BEGIN Entries provided

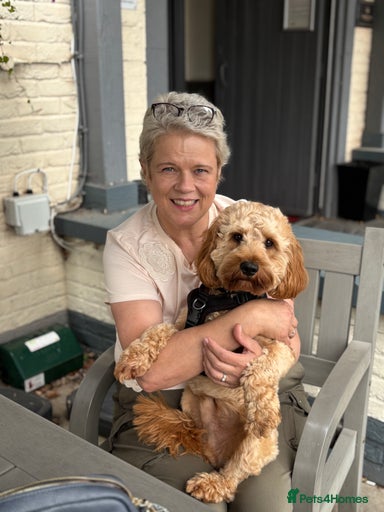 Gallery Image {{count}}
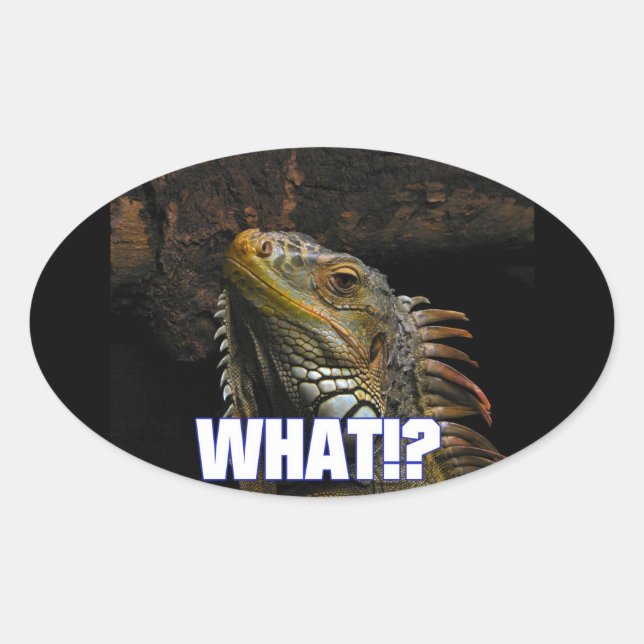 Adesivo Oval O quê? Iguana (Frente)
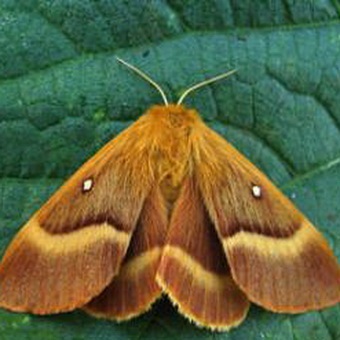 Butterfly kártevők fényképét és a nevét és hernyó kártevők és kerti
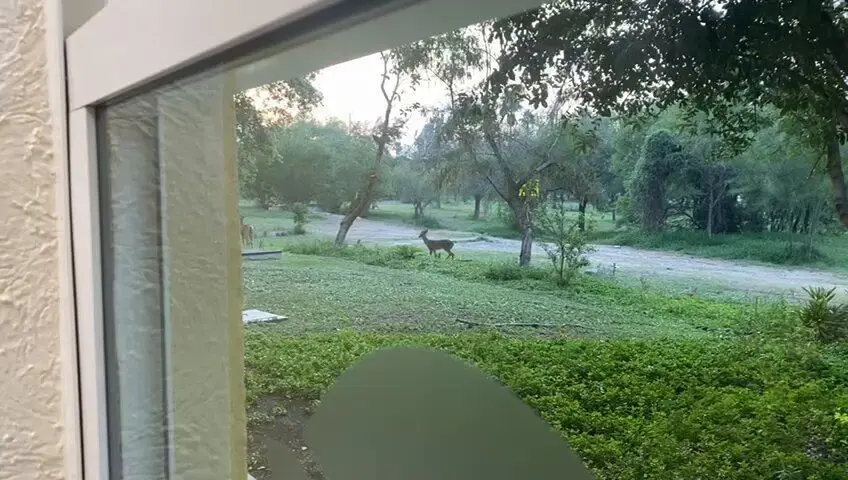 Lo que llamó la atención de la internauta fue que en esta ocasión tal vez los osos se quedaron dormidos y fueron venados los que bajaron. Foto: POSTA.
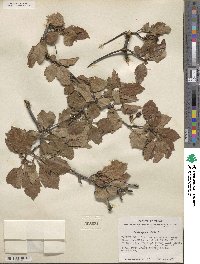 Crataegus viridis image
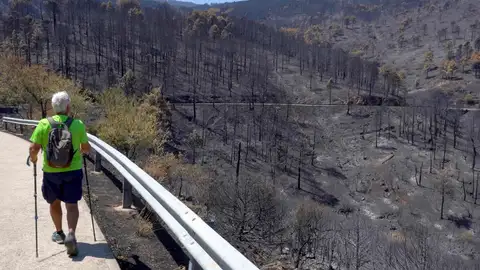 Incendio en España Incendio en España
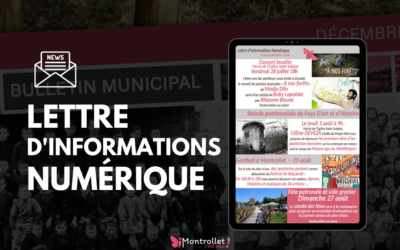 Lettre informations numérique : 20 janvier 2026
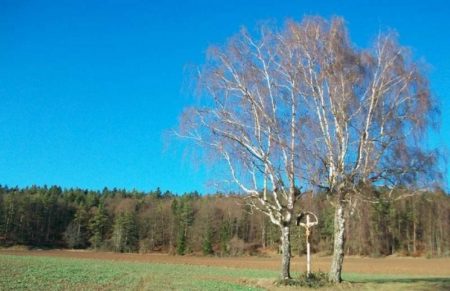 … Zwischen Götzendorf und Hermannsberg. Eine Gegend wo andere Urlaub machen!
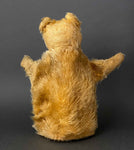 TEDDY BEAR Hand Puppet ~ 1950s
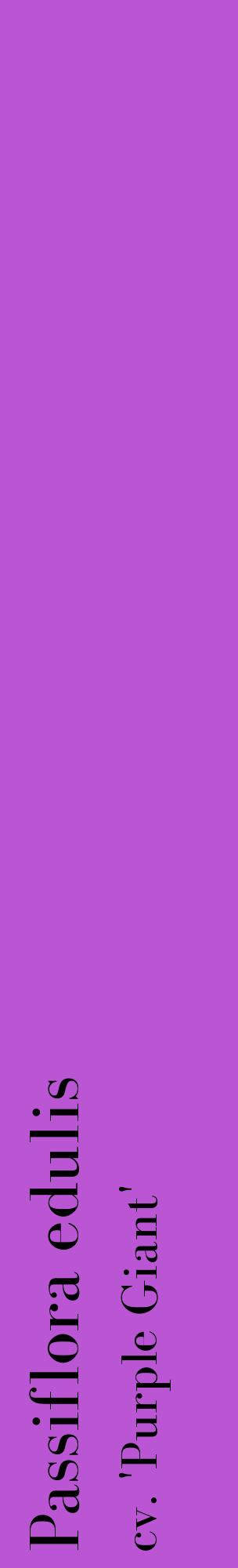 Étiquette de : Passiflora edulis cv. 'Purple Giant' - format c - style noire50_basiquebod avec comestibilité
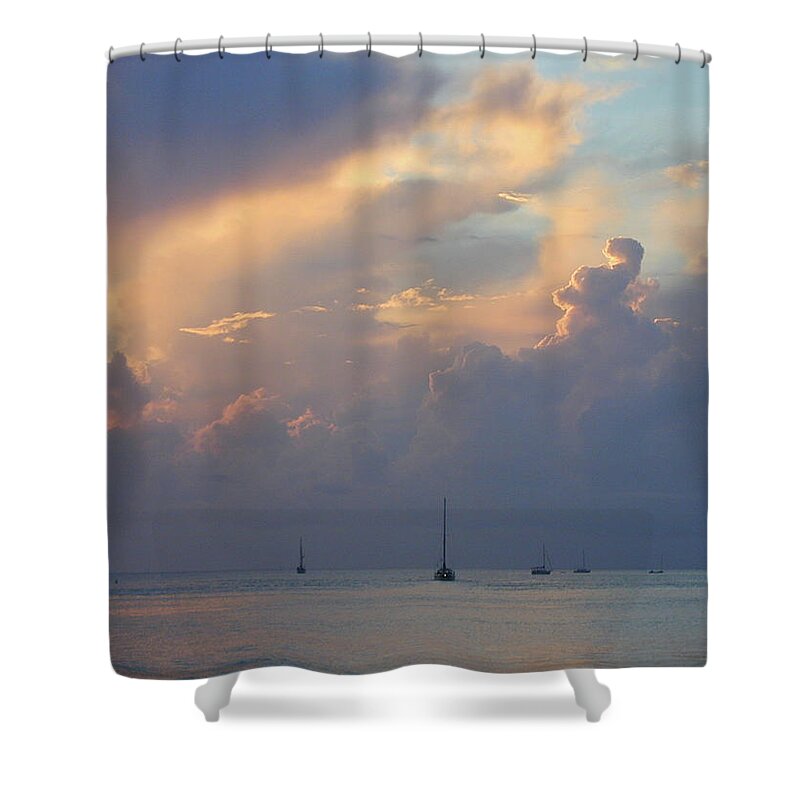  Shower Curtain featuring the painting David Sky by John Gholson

END Entries provided

#### Exercise directions
Omit every picture while printing the data word for word.

#### Response box
 Gallery Image {{count}}
 Adesivo Oval O quê? Iguana (Frente)
 Butterfly kártevők fényképét és a nevét és hernyó kártevők és kerti
 Lo que llamó la atención de la internauta fue que en esta ocasión tal vez los osos se quedaron dormidos y fueron venados los que bajaron. Foto: POSTA.
 Crataegus viridis image
 Incendio en España Incendio en España
 Lettre informations numérique : 20 janvier 2026
 … Zwischen Götzendorf und Hermannsberg. Eine Gegend wo andere Urlaub machen!
 TEDDY BEAR Hand Puppet ~ 1950s
 Étiquette de : Passiflora edulis cv. 'Purple Giant' - format c - style noire50_basiquebod avec comestibilité
  Shower Curtain featuring the painting David Sky by John Gholson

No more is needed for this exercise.